Increase in Medicare Tax for High Income Earners (Effective 2013)
Currently, the Medicare tax rate is a flat 2.9% on all wage income, with both the employer and the employee paying exactly one-half of this amount. Starting in 2013, the flat 2.9% Medicare tax will continue to apply to wages under $200,000 (or under $250,000 for married couples filing a joint return). However, there will be an additional 0.9% Medicare tax on wages over $200,000 ($250,000 for joint filers).

Tax on Medical Devices (Effective 2013)
Effective 2013, the IRS shall impose an excise tax of 2.3% on the sales of any taxable medical device. 

W-2 Form reporting requirements (Effective 2012)
Beginning with the 2012 tax year, W-2 forms provided by employers to active employees (in the beginning of 2013) will show employees the value of their health insurance. However, the reporting is for informational purposes only; employees will not be taxed on this amount. The requirement was originally set to go into effect for the 2011 tax year, but implementation was delayed by the Internal Revenue Service.  This reporting does not apply to retirees who do not receive a Form W-2.

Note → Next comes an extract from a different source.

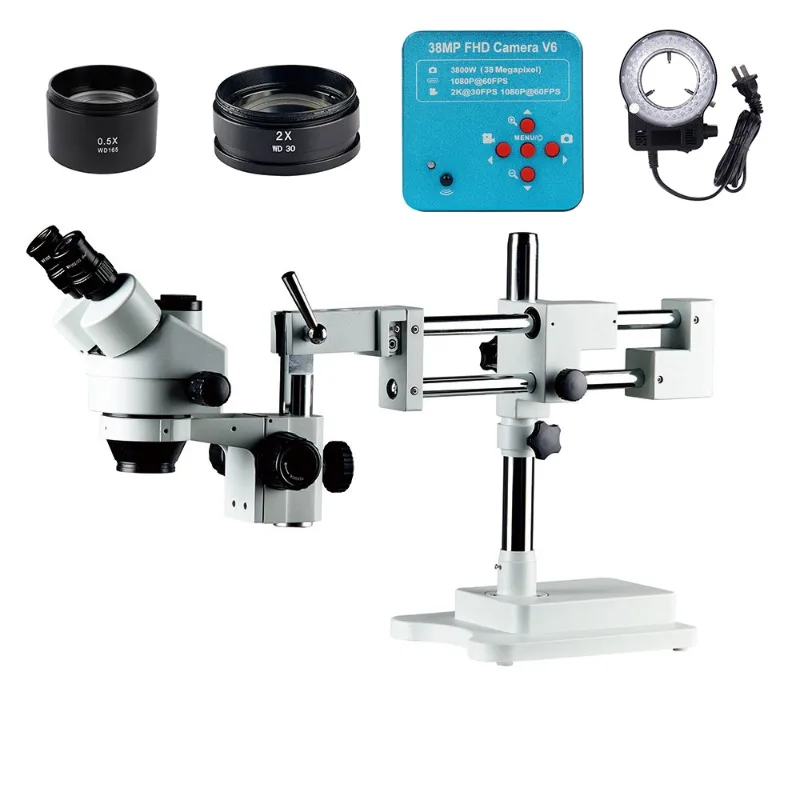 

High Quality 38MP Camera LED Ring Light 3.5X-90X Stereo Trinocular Electronic Repair Microscope for Sale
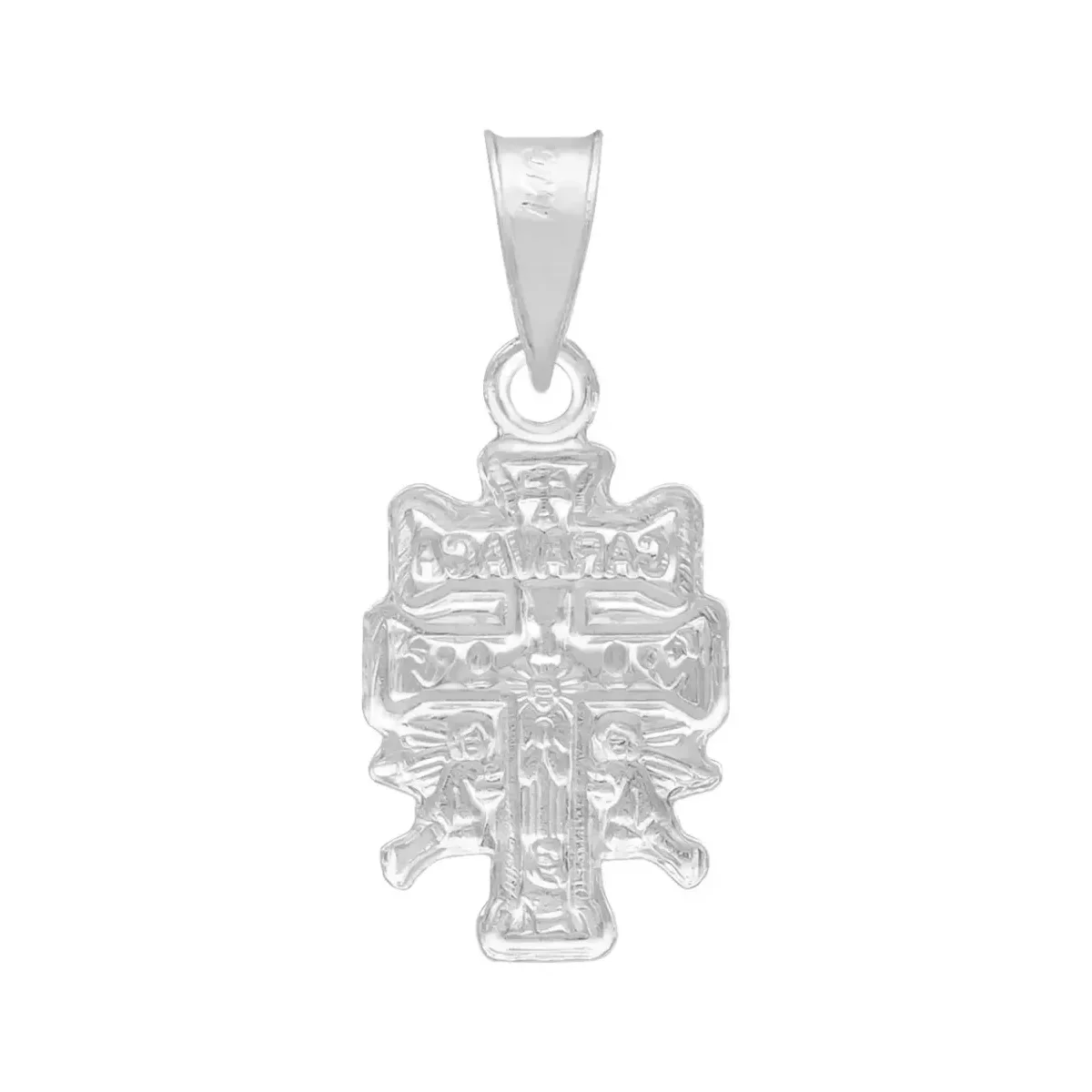 Dije Plata 925 Cruz Caravaca Troquelada con Cristo y Ángeles - Imagen 2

Closing of Medicare Drug Coverage Gap (Effective 2012)
In 2013, Retired Members whose prescription drug costs have entered the coverage gap or “donut hole” will receive a 52.5% discount on brand drugs and 21% for generic drugs.  The ACA is gradually closing the coverage gap, with it being eliminated by 2020 and Medicare Part D covering 75% of prescription drug costs.

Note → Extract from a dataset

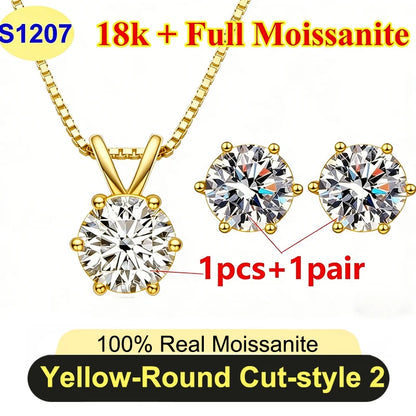 Full Shape 1-3ct Moissanite Women's Moissanite Jewelry Sets 925 Silver Plated 18k Gold D Color Necklace Earrings For Women Gift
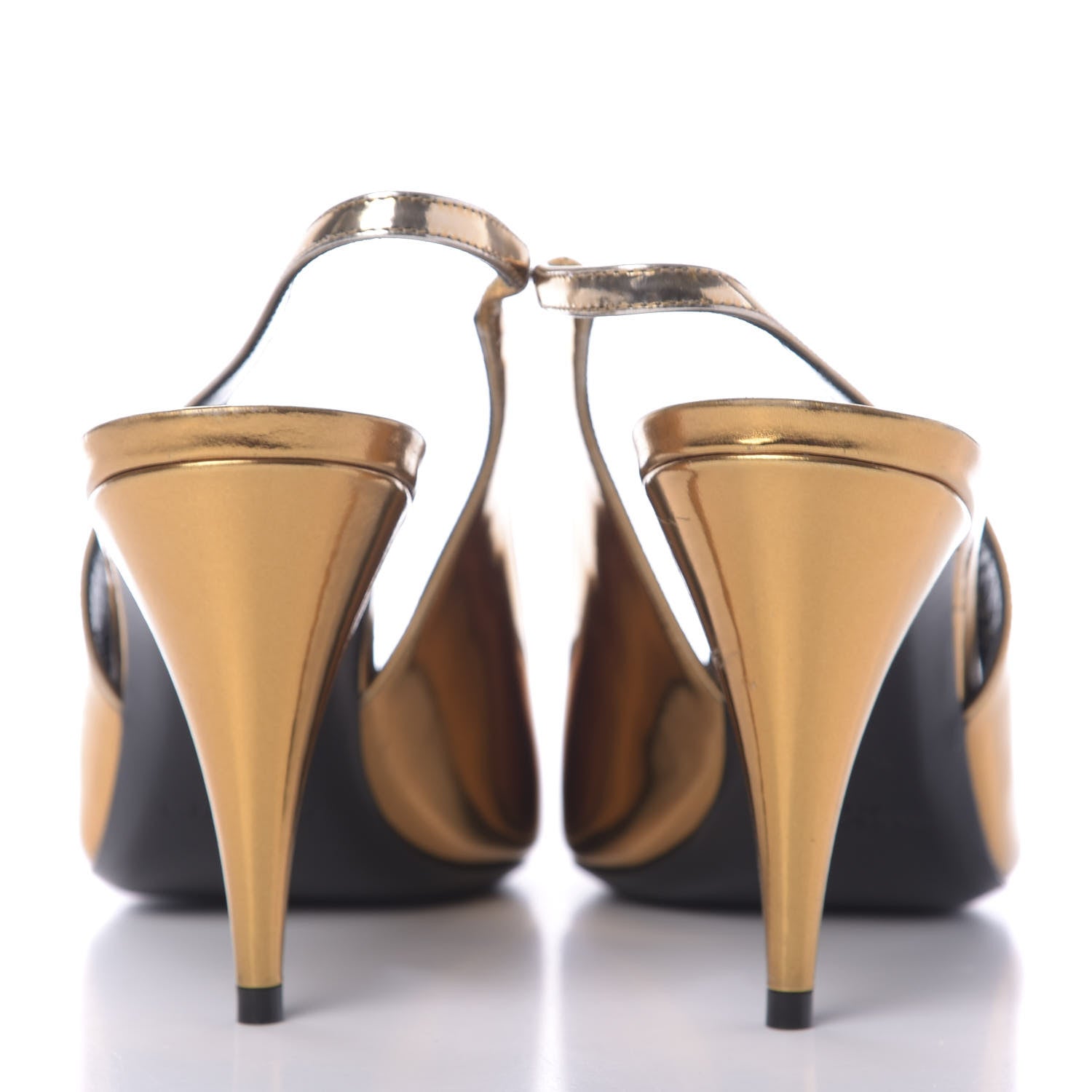 Saint Laurent Calfskin Kiki 110mm metallic slingback pumps 39.5 Gold 7 of 9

Medical Loss Ratio Requirement (Effective 2012)
Medical insurance plans must have medical care and quality improvement costs represent at least 80% (for individual plans) or 85% (for fully-insured group plans) of the annual premium cost and issue rebates to subscribers or plan sponsors if these requirements are not met.

Medicare Part D Premiums for High Income Earners (Effective 2011)
Retired Members with incomes greater than $85,000 per year (or $170,000 for couples filing jointly) pay additional Medicare Part D premiums, referred to as Income Related Monthly Adjustment Amounts.